Strict | Partial | |||||
---|---|---|---|---|---|---|
Model | ||||||
Rule-based | 52.8 | 43.59 | 47.75 | 69.25 | 57.18 | 62.64 |
ScispaCy | 77.09 | 82.82 | 79.85 | 80.91 | 86.92 | 83.81 |
BERT | 81.47 | 87.72 | 84.48 | 84.92 | 91.43 | 88.05 |
BioBERT | 90.49 | 90.26 | 90.37 | 92.54 | 92.31 | 92.43 |
We observed distinct patterns in the true positives and errors produced by the rule-based and LLM models. The machine learning models, particularly those fine-tuned with pre-trained transformers, demonstrated much higher F1 scores by effectively capturing a wider variety of PK parameter mentions not explicitly covered by the rules defined by PK experts, and they were also more flexible at encapsulating complementary terms that often vary in PK parameter mentions. Nonetheless, this flexibility also introduced a few extra false positives, where the model would occasionally overgeneralise, predicting incorrect PK entities in similar contexts such as mentions of pharmacodynamic parameters, which the rule-based models avoided (e.g. Area Under the Effect Curve (AUEC), Maximum Tolerated Dose (MTD)).
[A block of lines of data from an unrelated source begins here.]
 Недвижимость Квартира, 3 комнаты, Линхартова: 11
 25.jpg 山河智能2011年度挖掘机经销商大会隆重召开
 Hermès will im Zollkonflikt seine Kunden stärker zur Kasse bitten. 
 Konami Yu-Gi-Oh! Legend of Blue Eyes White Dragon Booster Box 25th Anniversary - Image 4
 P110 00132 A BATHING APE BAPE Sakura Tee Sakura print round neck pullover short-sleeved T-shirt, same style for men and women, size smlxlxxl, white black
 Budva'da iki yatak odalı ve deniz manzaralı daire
As it has been previously reported26, it was observed that the models based on BERT provided substantial performance benefits in comparison to the scispaCy model. The test set predictions showed that the scispaCy pipeline was x10 faster at inference time on CPU than running BERT models on a single GPU. Therefore, we also released the fine-tuned scispaCy pipelines open-source (https://github.com/PKPDAI/PKNER). The BioBERT model outperformed the BERT model pre-trained on general-domain English text, especially on strict entity matching. Specifically, BioBERT provided a large gain (+ 9%) on the pipeline precision in comparison to all the other models. This result suggests that domain-specific pre-training is crucial for effective PK NER.
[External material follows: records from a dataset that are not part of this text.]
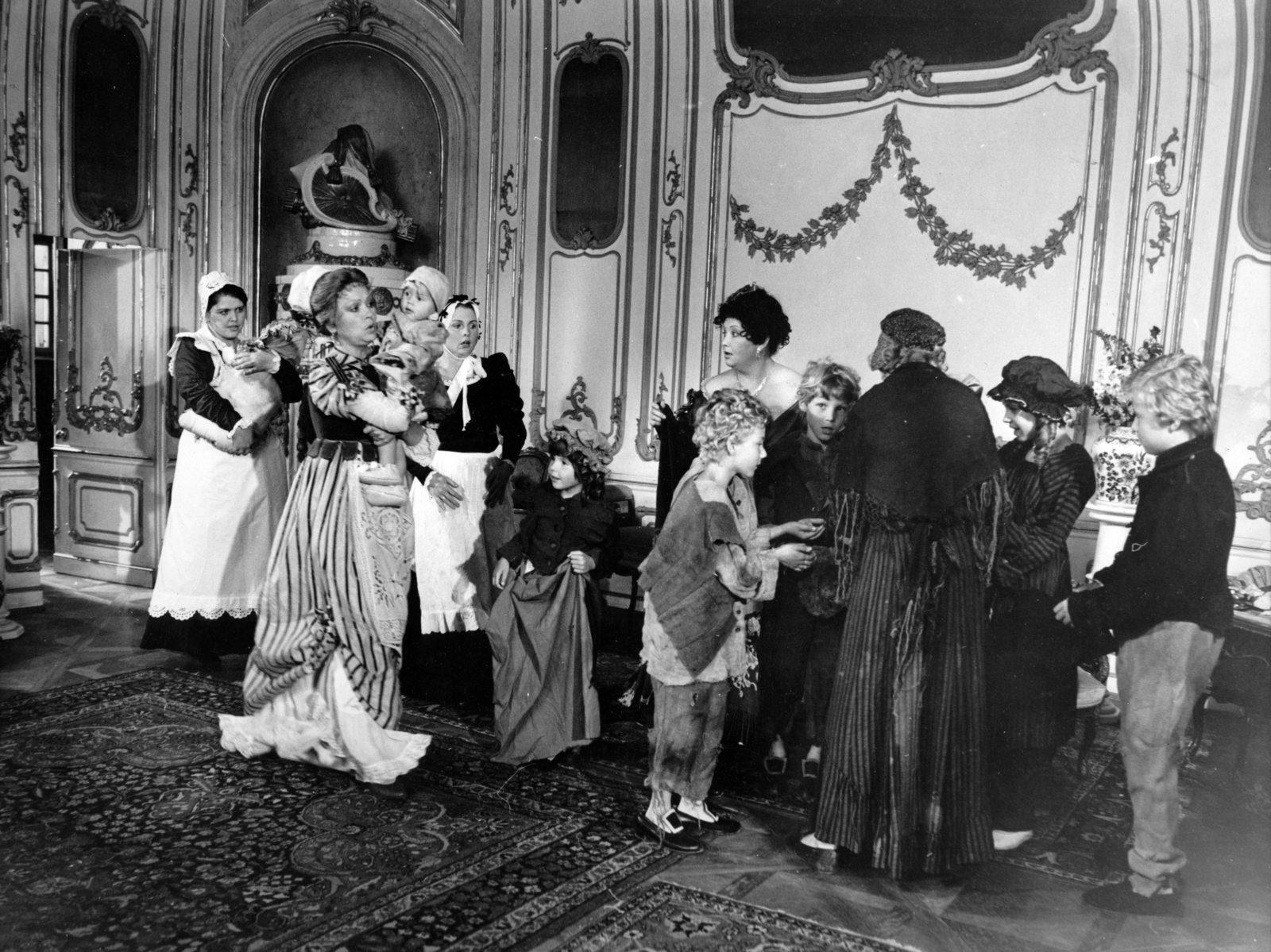 Hungary, Fertőd, Esterházy-kastély, a felvétel az Akli Miklós című film forgatásakor készült., 1986, Révész György, costume, interior, actor, striped dress, Fortepan #150341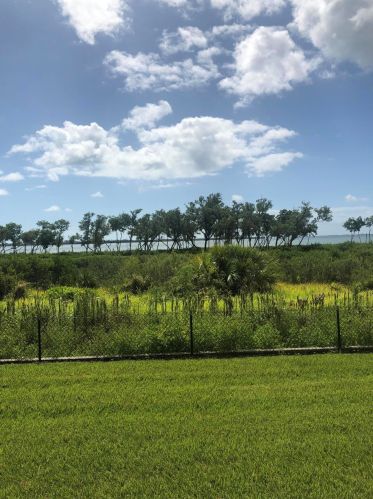 25 Harbour Isle Dr, Fort Pierce, FL 34949-2749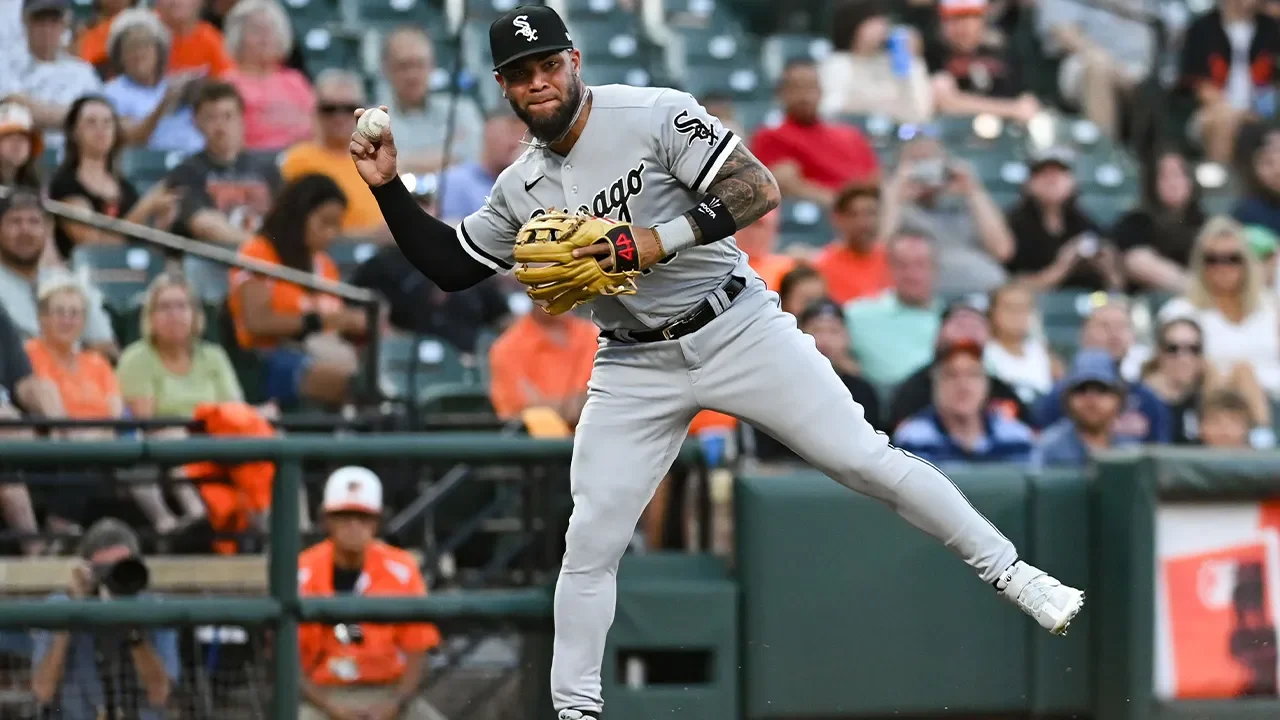 Moncada's hot start halted by injury ahead of Giants finale.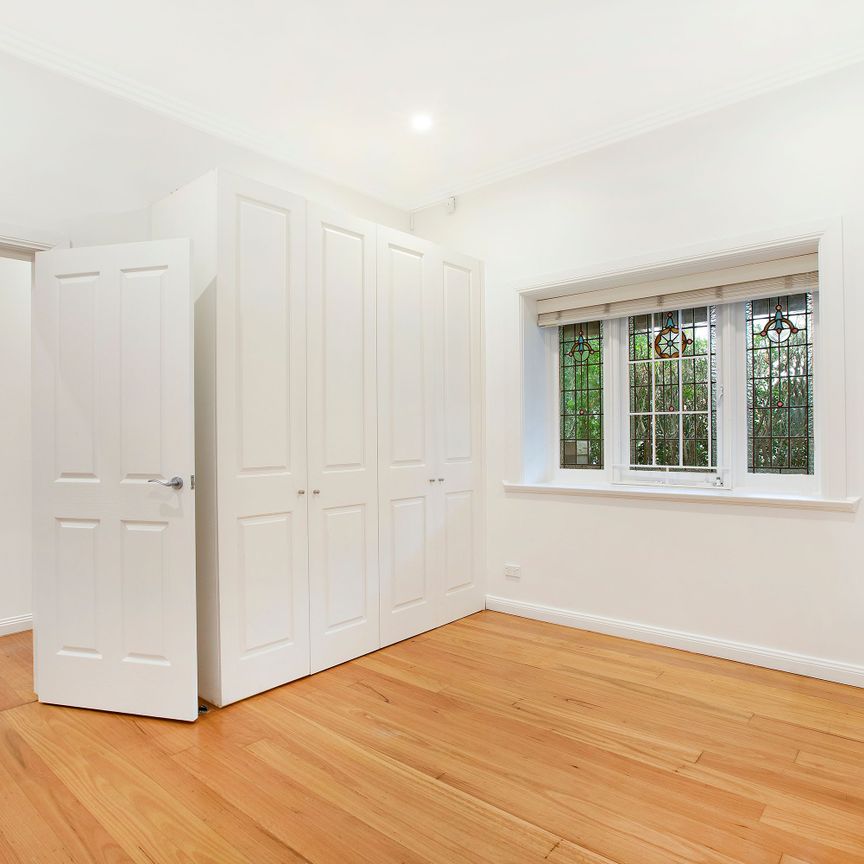 Stylishly Updated Bondi Home in a Premier Lifestyle Pocket - Photo 1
Performance on external corpus
To assess the generalisability and robustness of the BioBERT model fine-tuned on the PK-NER-Corpus, we conducted external validation using the PK-Ontology-Corpus developed by Wu et al.11. This corpus comprises 541 manually annotated abstracts, focusing on key terms and sentences related to PK parameters and drug-drug interactions (DDIs). Importantly, the annotated abstracts were selected with more specific filtering criteria regarding study types and focusing on specific drugs (e.g. midazolam).
Our model, fine-tuned on the PK-NER-Corpus, was directly applied to the PK-Ontology-Corpus test set without any additional training, achieving a competitive strict F1 score of 74.52% and a partial matching F1 score of 81.10% (see Table 4). The substantial increase from strict to partial matching indicates that the main PK terms were often identified, although discrepancies in annotated span boundaries between the two corpora impacted strict matching. These discrepancies might be due to different annotation criteria used in the development of the PK-NER-Corpus and the PK-Ontology-Corpus. However, the competitive performance on a different dataset demonstrates our model’s robustness in identifying PK parameters across varied contexts, indicating that it is not overfitted to specific features of the PK-NER-Corpus, thus enhancing its applicability to other PK studies.
Table 4.
Strict | Partial | |||||
---|---|---|---|---|---|---|
Training corpus | ||||||
PK-NER-Corpus | 77.05 | 72.15 | 74.52 | 83.85 | 78.51 | 81.10 |
Conversely, when the BioBERT model was fine-tuned on the PK-Ontology-Corpus and evaluated on the PK-NER-Corpus, the strict matching F1 score was 66.13%, highlighting the limitations of training models on narrowly focused datasets. This cross-dataset validation underscores the necessity of training on diverse datasets to capture a wide range of PK parameters and contexts. By demonstrating that models trained on a broad corpus covering multiple PK study types and drugs (PK-NER-Corpus) perform well on an externally developed dataset, we illustrate the importance of comprehensive and varied training data for developing robust PK NER models.
The observed differences in transferability highlight the importance of corpus diversity when training and evaluating NLP models for PK applications. Future work could involve creating and annotating additional datasets that bridge the gap between general and specific corpora. For instance, incorporating clinical trial reports, which contain a large number of PK parameter estimates, or other relevant contexts, could provide a more comprehensive training and evaluation ground for PK NER models.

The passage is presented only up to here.